With the Minister of Communication having opted not to petition the Supreme Court of Appeal over an earlier court decision to allow self-provisioning, the South African telecommunications landscape has the potential to become one of the most progressive and competitive in the world.
With the threat of a successful appeal remoed, South African businesses and consumers should soon benefit from increased choice and lower costs as a result of a High Court ruling that effectively opened the industry to more competitio.
That's according to Mike Silber, regulatory advisor to the Internet Service Providers' Association of South Africa (ISPA). He says that the High Court ruling effectively turns South Africa into one of the most progressive and competitive telecoms markets in the world and dispels the regulatory uncertainty that has stifled the industry since 2005.
As many as 500, but more likely only 50 or so, new players could enter the telecoms infrastructure market, many of them regional operators that tailor their services to the needs of local communities as a result of the shift in the regulatory landscape, adds Silber.
The Pretoria High Court judgment recently found in favour of telecommunications group Altech in a case that found that value-added network service (VANS) licensees are allowed to build their own networks in competition with the incumbent operators. The High Court subsequently refused the Communications Minister, Ivy Matsepe-Casaburri, the right to appeal against its judgement.
It appears that the Minister will not be pursuing an appeal in the Supreme Court, the last avenue she can follow in an attempt to have the High Court ruling overturned.
"We are pleased that the Minister seems prepared to accept the Court's decision. Our members are eager to start transforming the market to make it more open and competitive to the benefit of consumers and businesses," says Silber. "If entrepreneurs are empowered to build networks, we can expect to see an outcome for the common good of the country and its citizens."
Silber says that the High Court's ruling upholds ISPA's view that VANS licensees have in reality had the right to "self provide" their own infrastructure since 1 February 2005, according to the Electronic Communications Act.
This is despite the Minister's attempt to "clarify" the Act and nullify the self-provisioning clause by issuing an extra-legal press statement two days before it took effect, Silber adds. Many pioneering independent networks are already operating and the High Court ruling will allow them to attract investment and expand their networks.
"ISPA welcomes the news that ICASA has already announced its intention to issue electronic communications network service (ECNS) and electronic communications service (ECS) licences to VANS following the high court ruling," says Silber. "We trust that the regulator will now start looking at the other challenges that face the industry, such as frequency spectrum allocation. We hope that ICASA and the incumbents will cooperate in efficient usage of this national resource."
ICASA has asked VANS that want to convert their licences into an ECNS licence to provide details about their network rollout and to commit to implementing their networks within 12 months of receiving their licences. While VANS are not legally obliged to meet these requests, most are likely to cooperate with the regulator, says Silber.

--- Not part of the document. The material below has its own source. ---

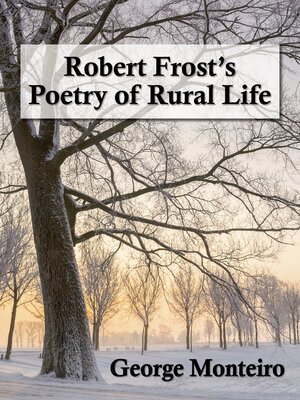 cover image of Robert Frost's Poetry of Rural Life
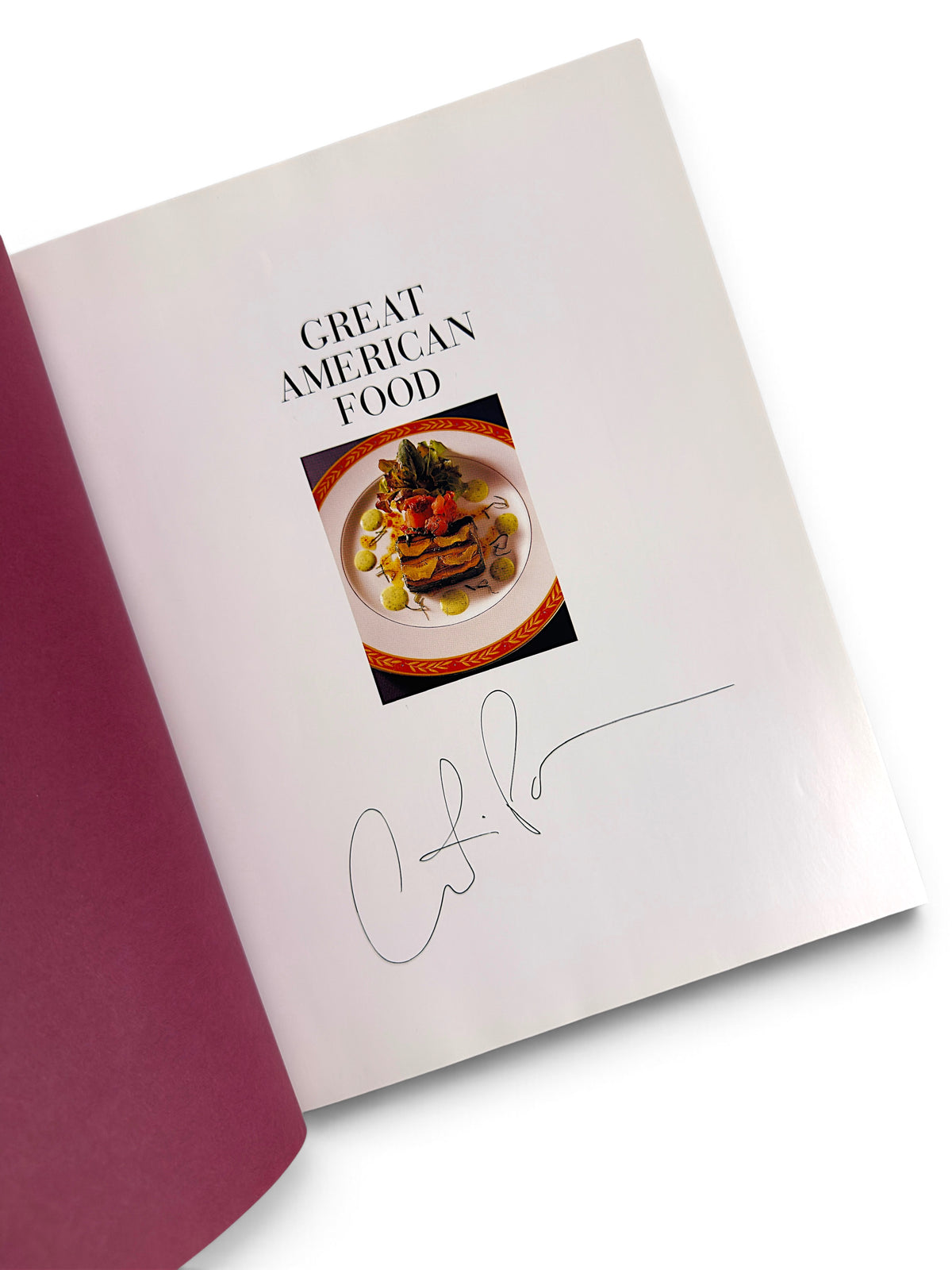 Signed- Charlie Palmer - Great American Food - First Edition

ISPA also urges ICASA to define realistic cost structures for these new licences as soon as possible. A 30-fold mooted increase in licensing fees from 0.1% of revenue from licensed activities to 3% seems extreme, says Silber. There is a danger that these costs will be passed on to consumers.

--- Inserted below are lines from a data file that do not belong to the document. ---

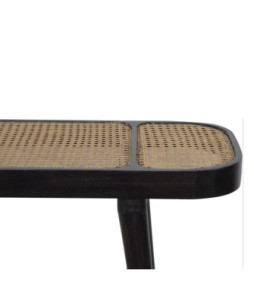Table console Larissa noire carbone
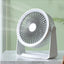 Portable Mini Fan USB Rechargeable Cute 4W Small Electric Fan For School ( green )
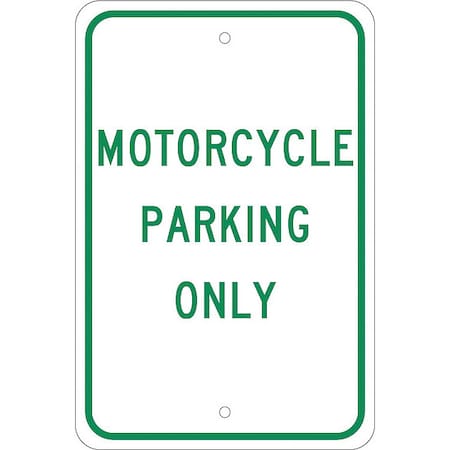 Nmc Motorcycle Parking Only Sign, TM53J TM53J
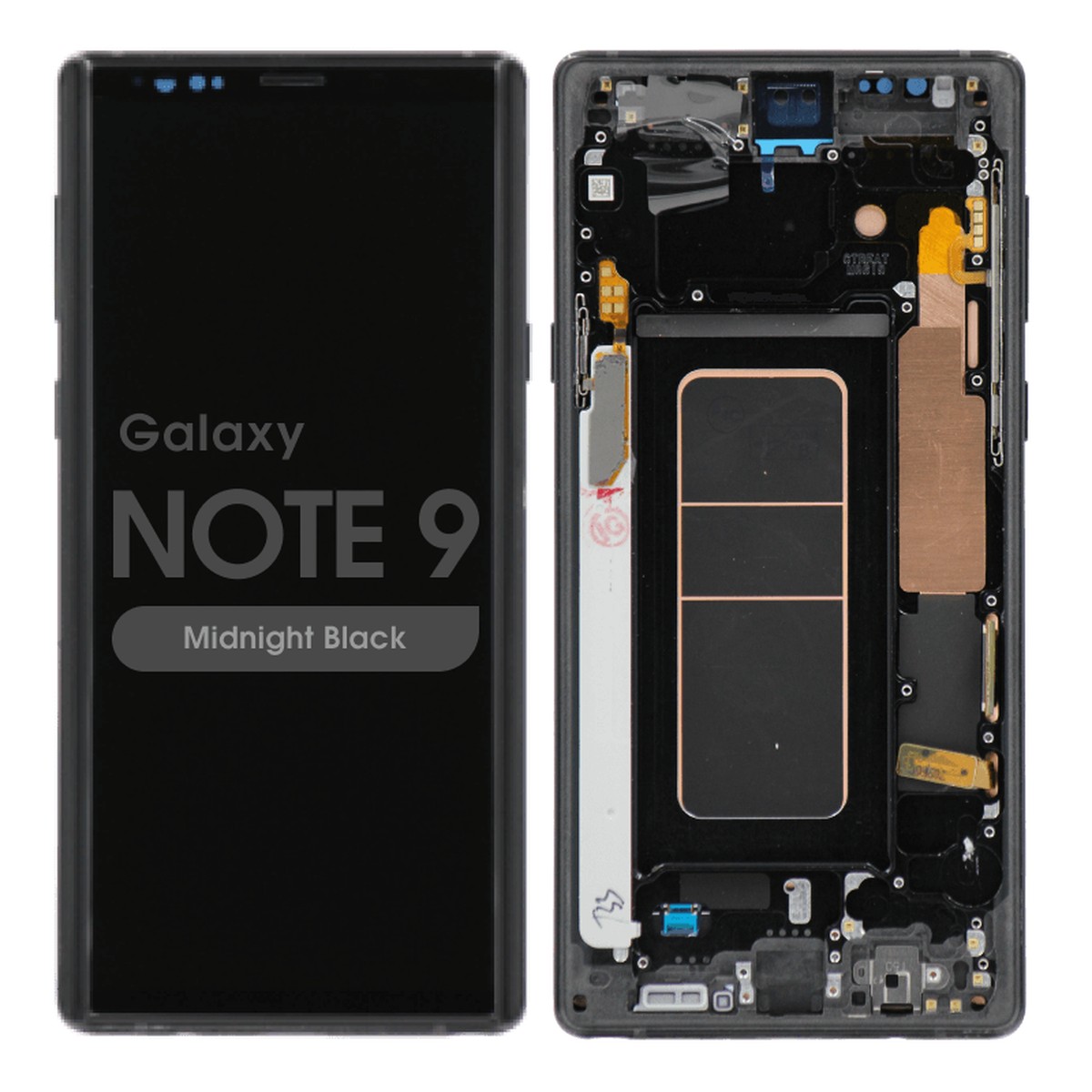 Pantalla OLED con táctil + marco Reacondicionado para Galaxy Note 9 (N960), Midnight Black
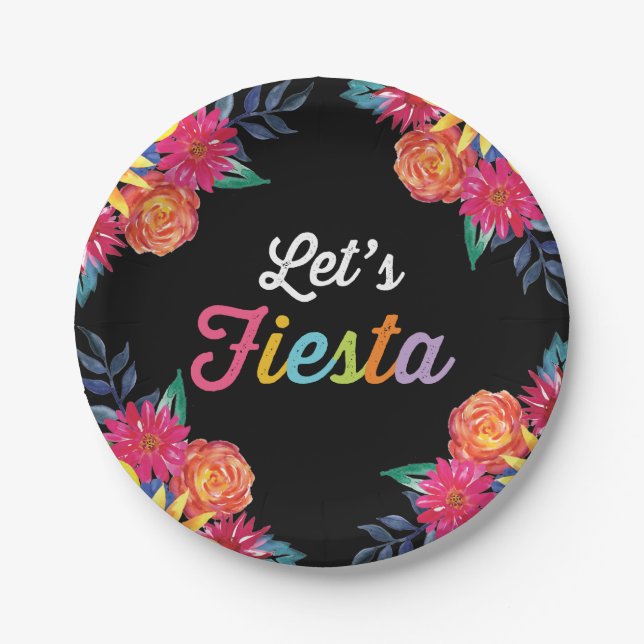 Uns gelassen Fiesta PapierTeller. Mexikanisches Pappteller (Vorderseite)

ISPA is pleased however, that because of the High Court's decision there will no cost associated with licence conversion, which removes a big potential barrier to entry for new telecoms providers.
Concludes Silber: "Government still clearly wants to be involved in network infrastructure projects through state owned enterprises such as Sentech and Infraco. The rest of the world has shown that an open market leads to greater efficiency, more choice, and lower cost for consumers than a government-dominated one. However, an open market does not preclude government from targeting areas where it can address gaps left open by entrepreneurs.
"If government is truly prepared to accept the High Court ruling, then this marks big bang deregulation of the market and exciting times lie ahead for consumers, businesses and the industry alike."